Behaviors and Driving Forces for the Hiring Process – Measuring a candidate on their knowledge, skills, and abilities is an important component of any hiring process. These three measures can be greatly enhanced by considering the behavioral suitability or “fit” for the position. According to a recent Forbes article, almost 90 of hiring failures were attributed to the wrong “fit” between the candidate and the organization/position. Assessing top finalists on both their behavioral and motivational tendencies can greatly enhance the chances of a successful “fit” especially in senior leadership roles.
Emotional Intelligence – Emotional intelligence has been identified as the key indicator of long-term success as a leader. The ability to understand and control one’s own emotional state, while displaying empathy and building social networks can be the difference between a good leader, and a great leader. Participants as assessed in the 5 key areas of emotional intelligence and identify ways to increase their level of emotional intelligence.

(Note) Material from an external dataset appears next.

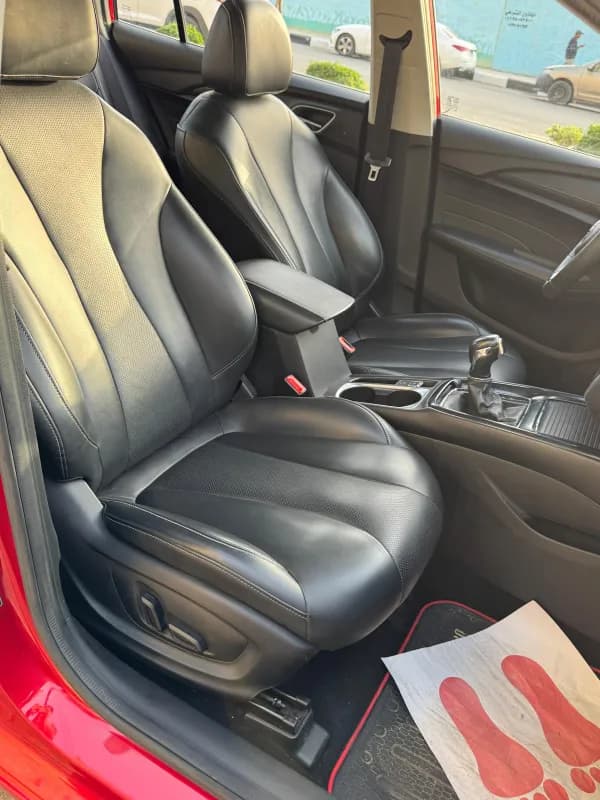 MG 5 2020 Luxury Red Automatic — Used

Conflict Management – Some conflict is healthy and can lead to more creative solutions to issues, and other conflict can be unhealthy and cause delay, decreased productivity and disruption. Participants will complete a conflict assessment based on the Thomas-Kilmann five conflict modes (Accommodating, Collaborating, Compromising, Avoiding, and Competing) to better understand their own conflict preference as well as the preferences of their colleagues.
Organizational Culture – Organizational Culture has gained traction over the last few years in both the business and non-profit sectors. Some believe culture trumps everything else, while others believe it is the byproduct of hard work, effort and a focus on goals. When specific issues arise (e.g. increased turnover, difficulty attracting the right employees, employee disengagement) many organizations focus specifically on solving that particular issue. However, this approach can lead to disjointed initiatives that may work in the short-term, but may also fail to address the larger issues. By shifting the focus toward improving the organization’s overall culture, teams can ensure that all strategies developed to address these specific issues are also contributing to the larger and more intentional ideal state.

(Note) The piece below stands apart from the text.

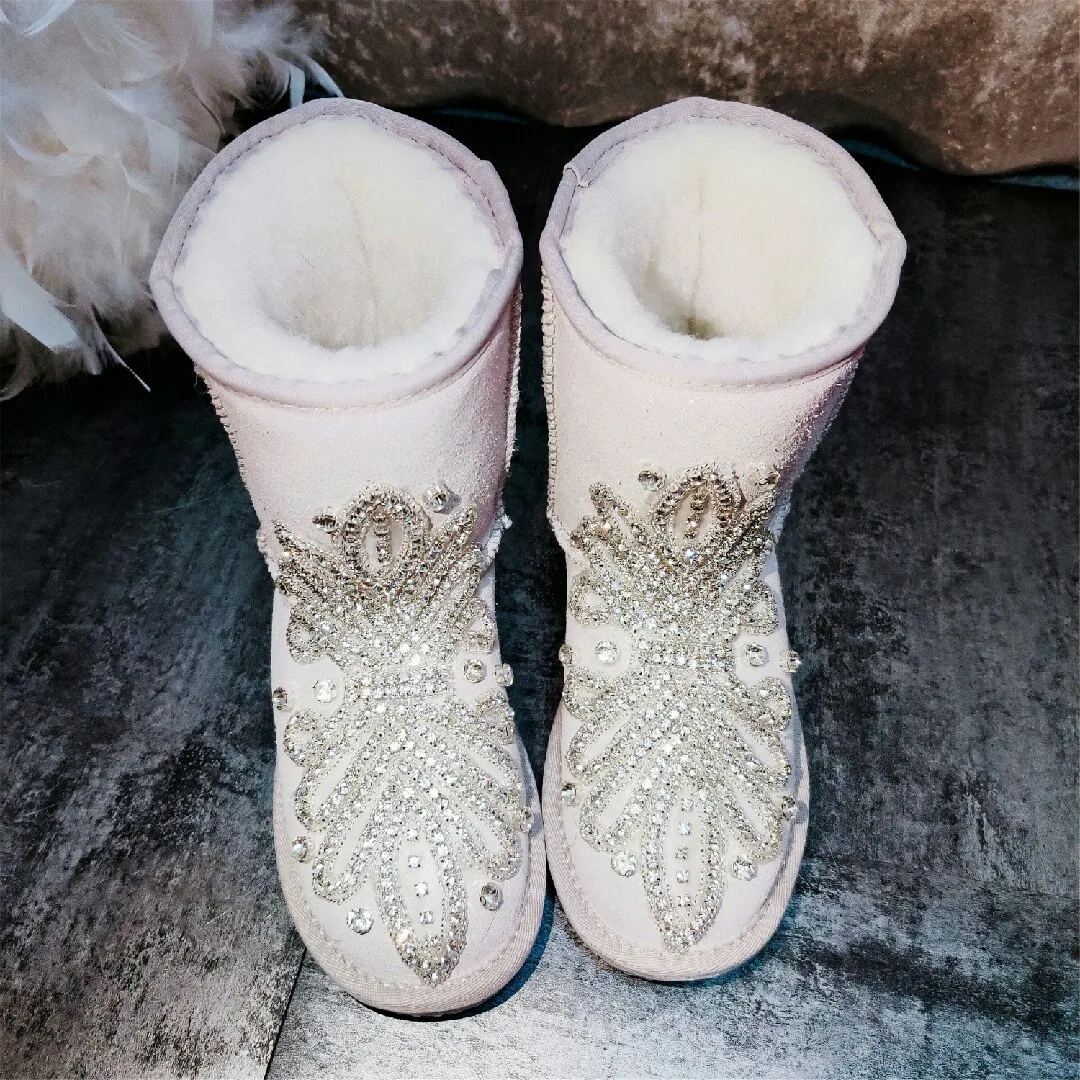 

Heavy Industry Tide Brand Pearl Light Crown Beaded Snow Boots Trendy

Coaching for Performance – Leaders typically spend much of their time focusing their staff on getting results. However, when leaders also have the ability to coach well, they have the potential to increase not only their personal leadership impact, but also the effectiveness and engagement of those they coach. After this full-day workshop, participants will be able to:
- Define coaching and its purpose
- Demonstrate the skills that make coaching effective
- Apply the basic framework for having a coaching conversation
- Deliver reinforcing and redirecting feedback
At the end of the day, participants will leave with the tools they need to coach well, with the outcome of building more productive, engaged and committed teams.

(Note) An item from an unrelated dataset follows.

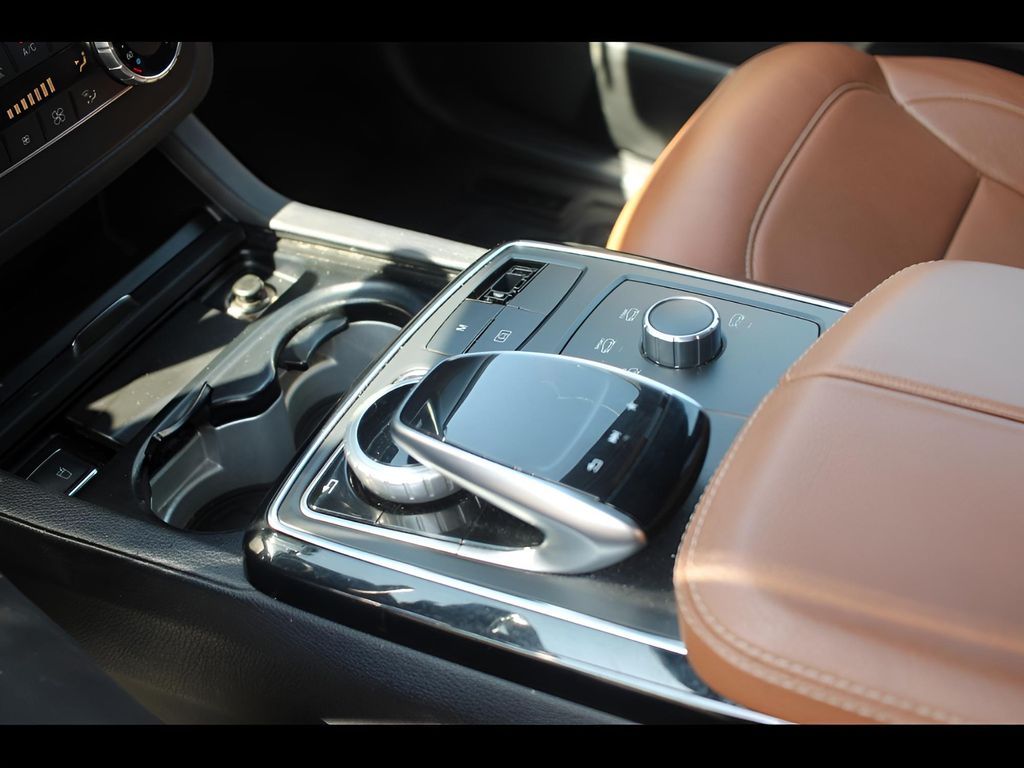 Vehicle image 17 of 23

Customer Service: Discovering the Who, What, and Why of Customer Satisfaction – Having customers and keeping them happy can be a challenge, especially when expectations are high and resources (time, money, energy) are low. An interactive and thought-provoking sessions will help participants identify the various services they provide, identify their various customers, set specific customer service goals, and measure their success.
Learning ways to improve how we deliver service, and understanding what can get in the way of that service are two important steps. Sometimes improvement comes from outside of us, and fixing a process or procedure reduces barriers to providing ideal service. At times, improvement must come from within, and we must deal with our own emotional state and the impact it has on our interactions with others.